Reproduce nothing but the lines from the start of the material through the line that includes "After send, you", both ends included, and omit every picture.

(Supplied data Opens)

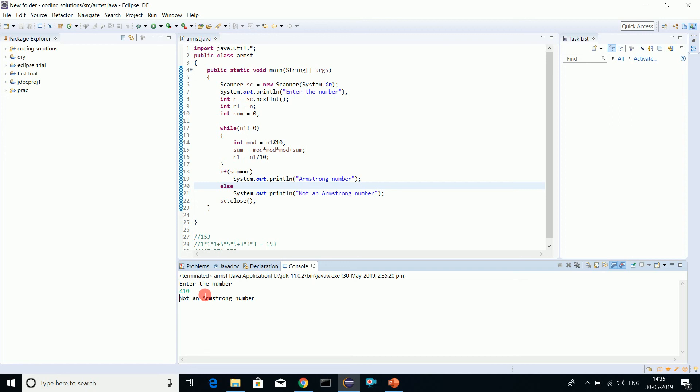Here in the program we are able to check whether a three-digit number is an Armstrong number or not. Thank you for watching the video. Please do like, comment, share, subscribe if you have any doubt, and watch my channel for complete Java basic tutorial. Thank you, have a nice day.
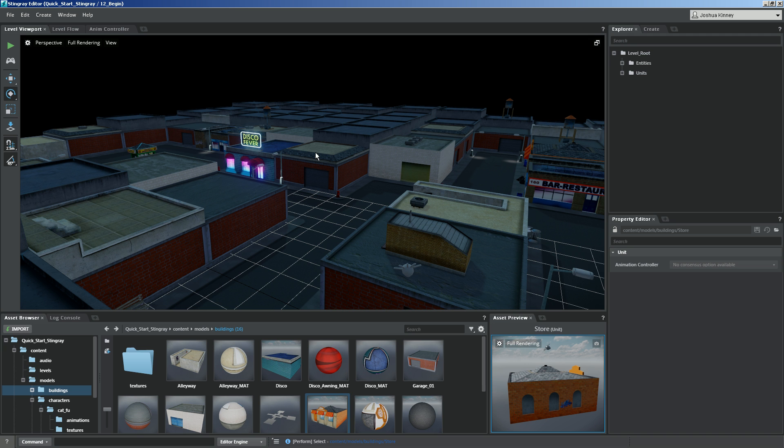Alright, so we have our level all set up, we've got our collisions, and now what we want to do is we want to get our character in the game, and we want the character to begin moving around.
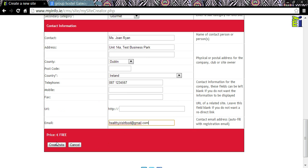Then click Create Site. This might take a few moments. What you have just done is create your URL and your home page. Click on the 'List Edit My Sites' icon to add more text, photographs and to change colours and backgrounds.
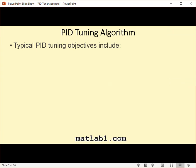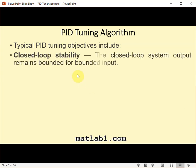PID Tuning Algorithm. Typical PID tuning objectives include closed loop stability: the closed loop system output remains bounded for bounded input.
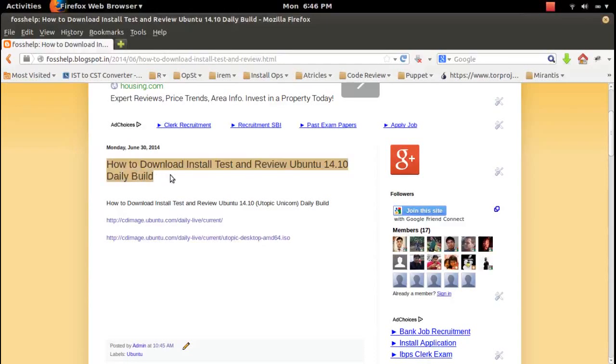This video demonstrates how to download, install and test Ubuntu 14.10 daily build.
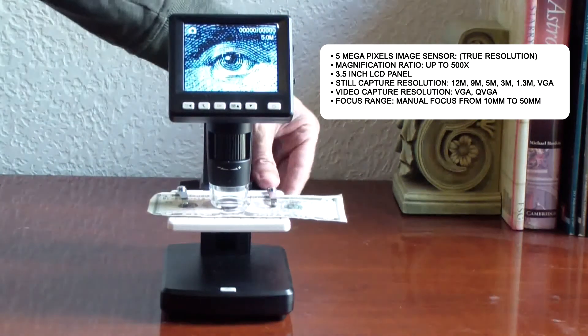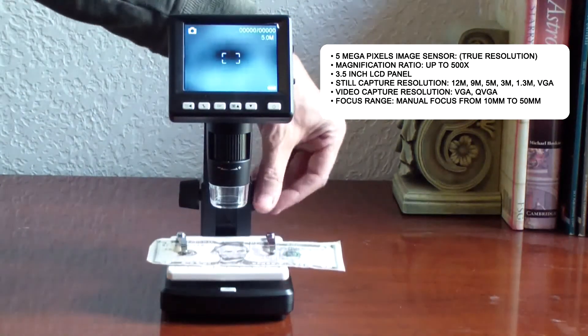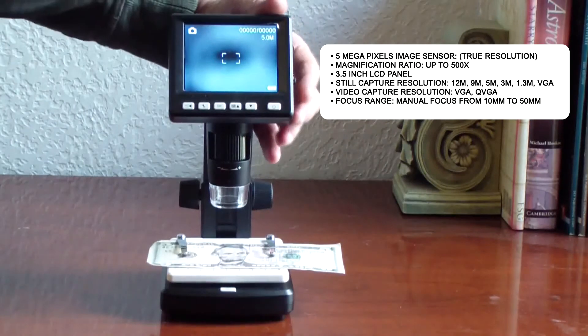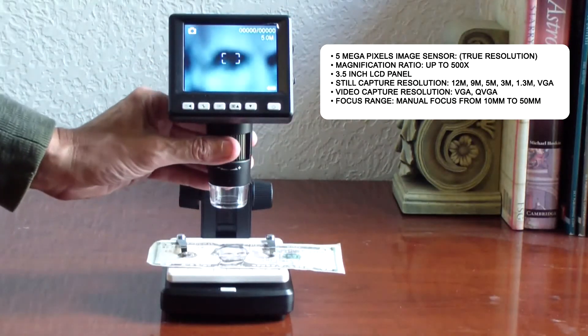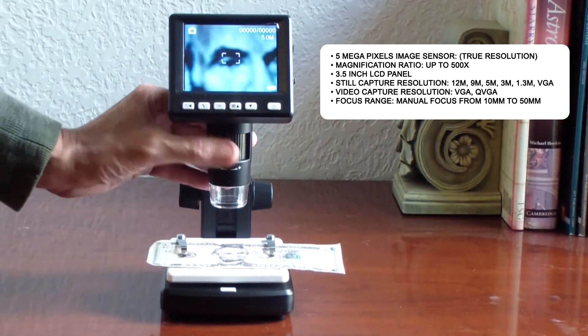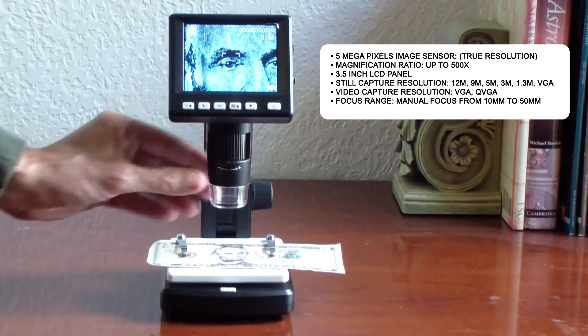Bring an object as close as you need with 125x optical and 4x digital zoom and magnification up to 500x.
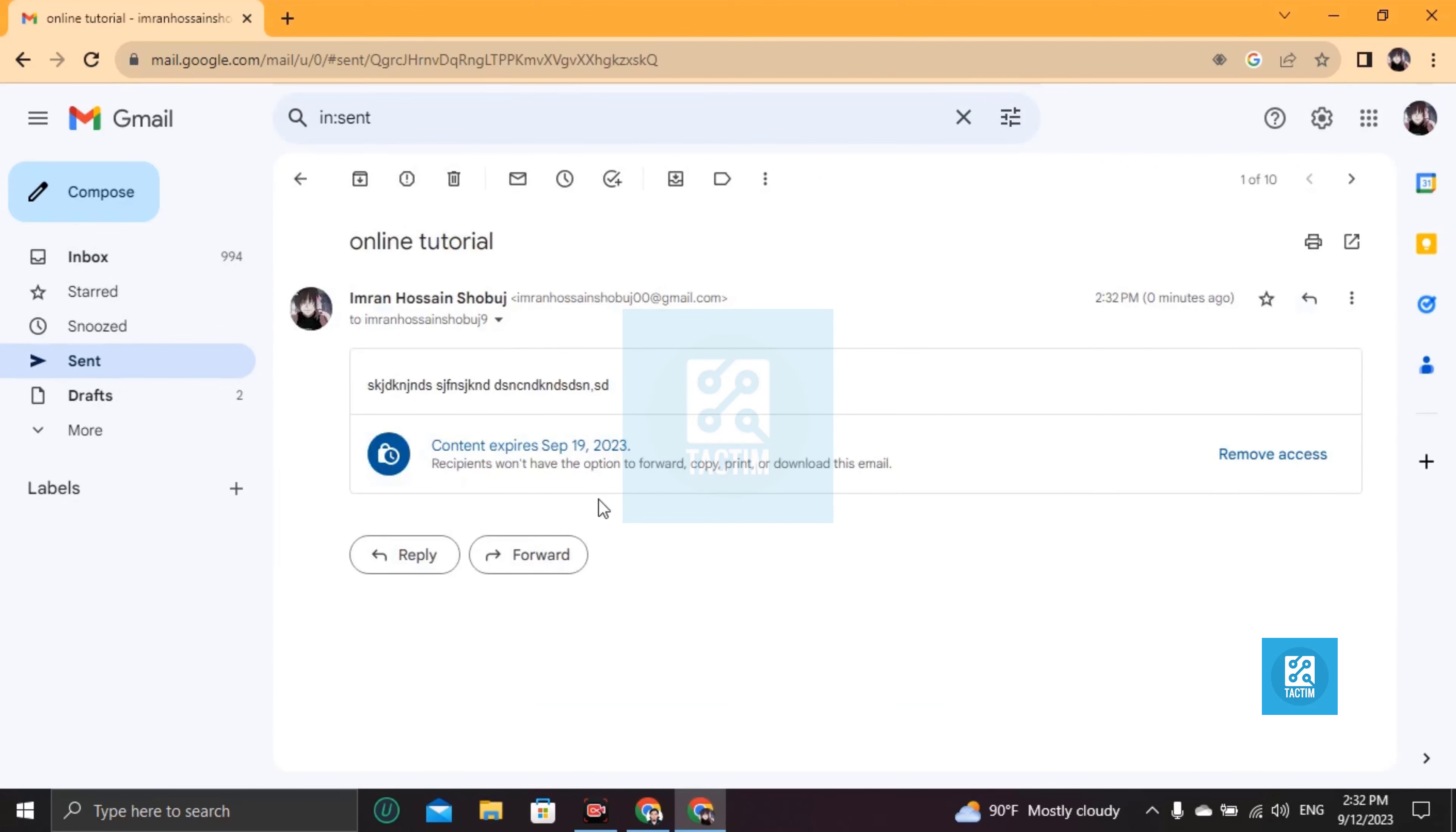After send, you can see here your message. We can see this confidential message is encrypted with lock and the content will expire in September 19, 2023. No one can copy, print, or download this mail. This is encrypted mail.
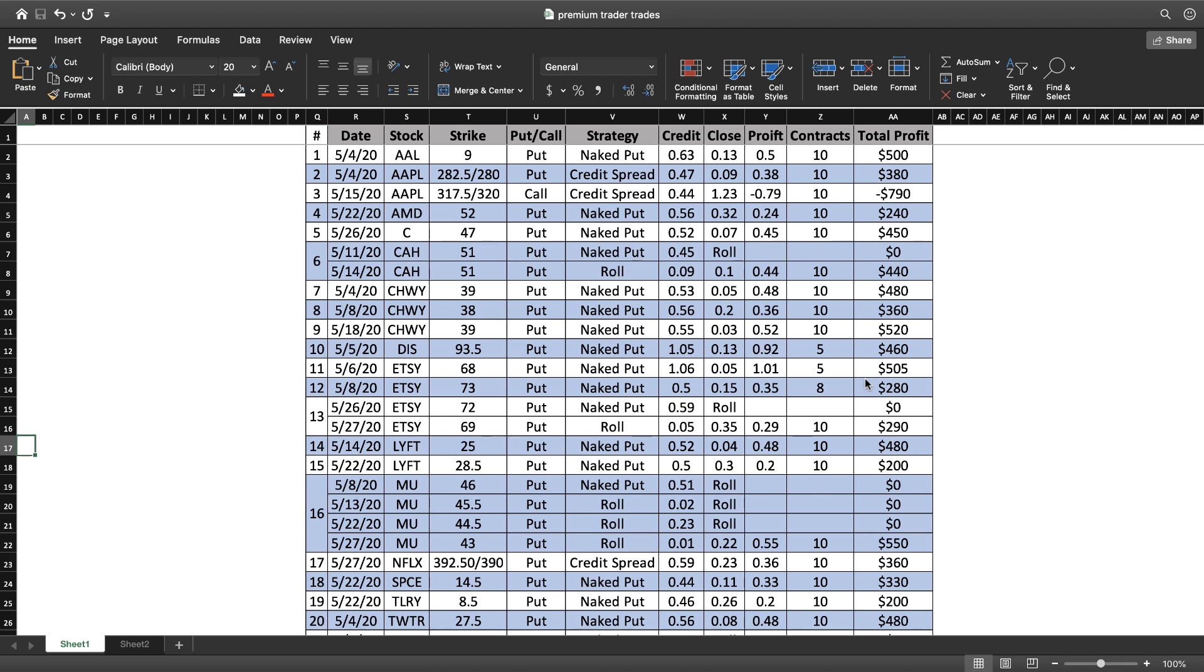Hey traders, I started sending out my email trade alerts at the beginning of May, so I want to recap all the trades I took in the last four weeks. It was a great month.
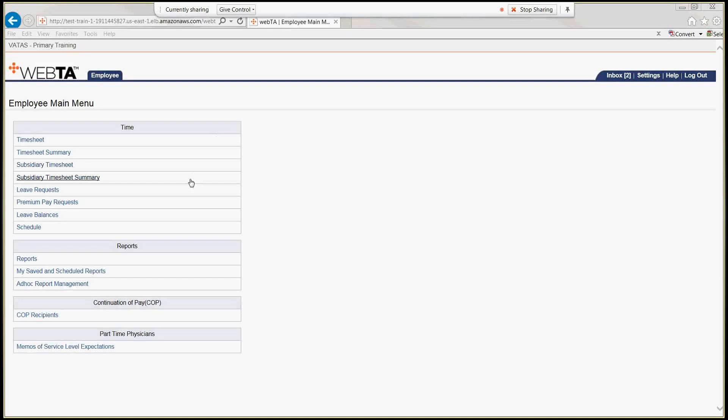Welcome to the Service Level Expectation VATAS Training. Today we'll cover the employee and supervisor roles for those who are part-time adjustable positions and those who supervise those types of employees.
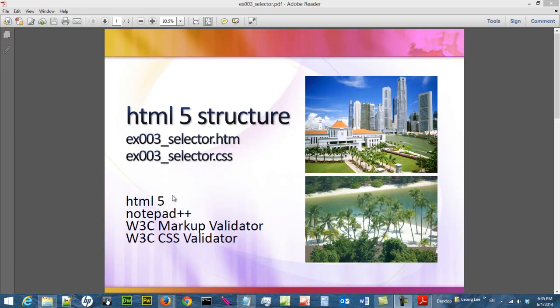In this video we are going to create another HTML document and we are going to link it to a CSS document and we are going to talk about different kinds of selectors to describe the HTML document.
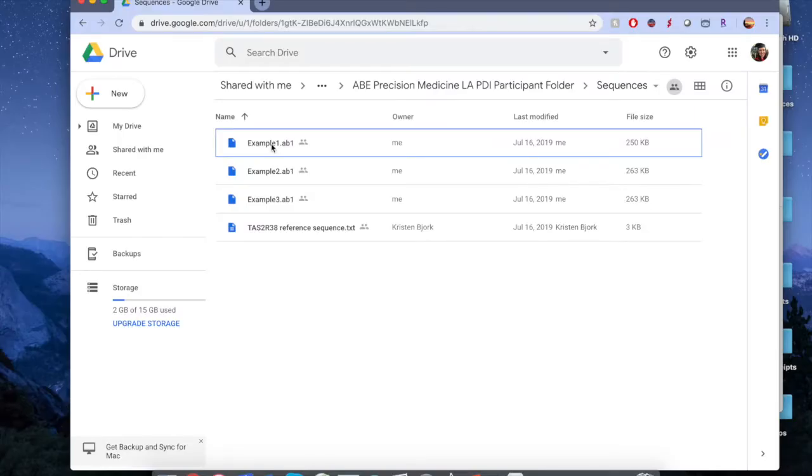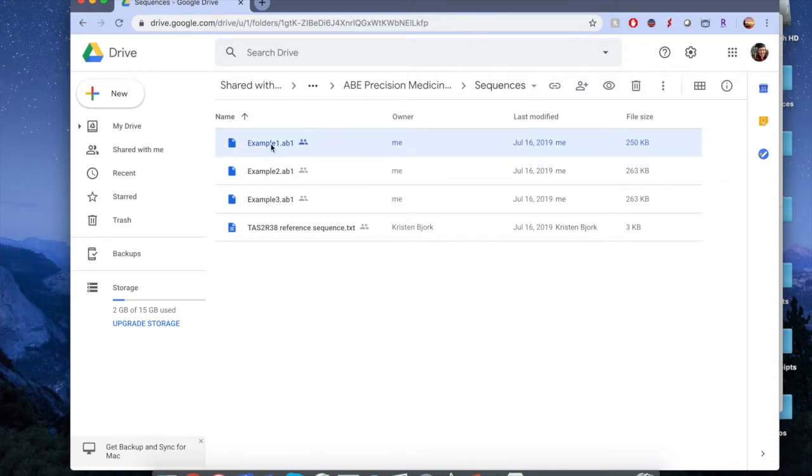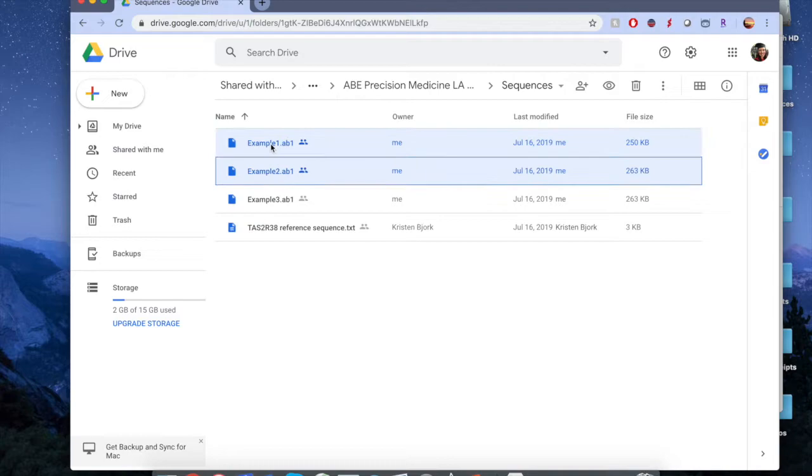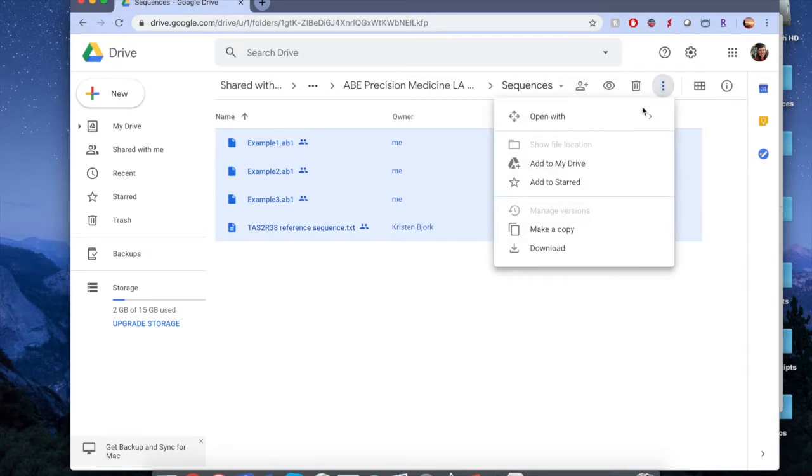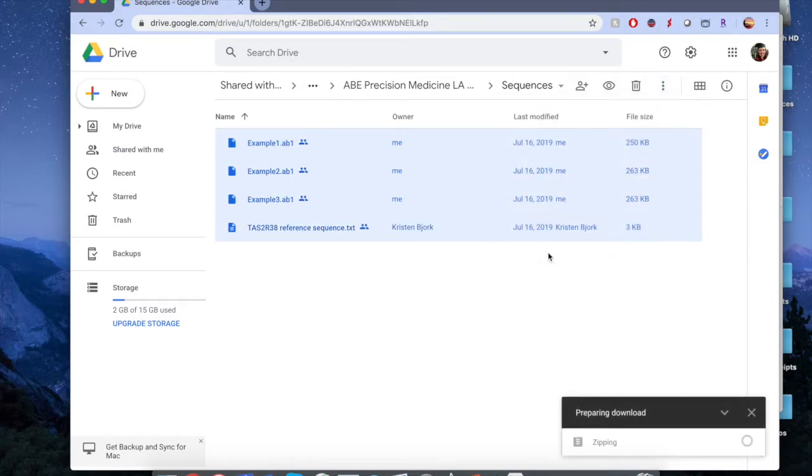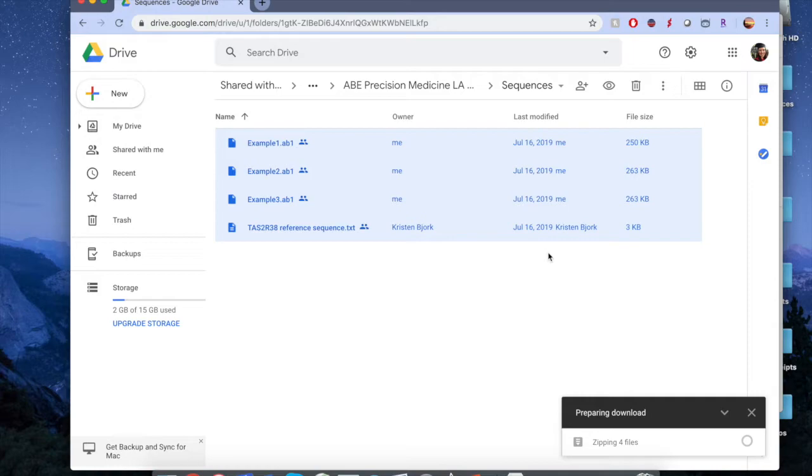To begin your analysis, access the participant folder on Google Drive or wherever your sequences are stored. Select the four files and download them as shown by clicking the dot dot dot button and then selecting download. You'll notice that three of these say example and one says tas2r38. This last file is the reference file to which we'll be comparing all other sequences in order to find differences. Place these files in a folder in a location where they'll be easy to find, like your desktop.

(Supplied data Closes)

**Answer for the task:**
Here in the program we are able to check whether a three-digit number is an Armstrong number or not. Thank you for watching the video. Please do like, comment, share, subscribe if you have any doubt, and watch my channel for complete Java basic tutorial. Thank you, have a nice day.
Alright, so we have our level all set up, we've got our collisions, and now what we want to do is we want to get our character in the game, and we want the character to begin moving around.
Then click Create Site. This might take a few moments. What you have just done is create your URL and your home page. Click on the 'List Edit My Sites' icon to add more text, photographs and to change colours and backgrounds.
PID Tuning Algorithm. Typical PID tuning objectives include closed loop stability: the closed loop system output remains bounded for bounded input.
This video demonstrates how to download, install and test Ubuntu 14.10 daily build.
Bring an object as close as you need with 125x optical and 4x digital zoom and magnification up to 500x.
After send, you can see here your message. We can see this confidential message is encrypted with lock and the content will expire in September 19, 2023. No one can copy, print, or download this mail. This is encrypted mail.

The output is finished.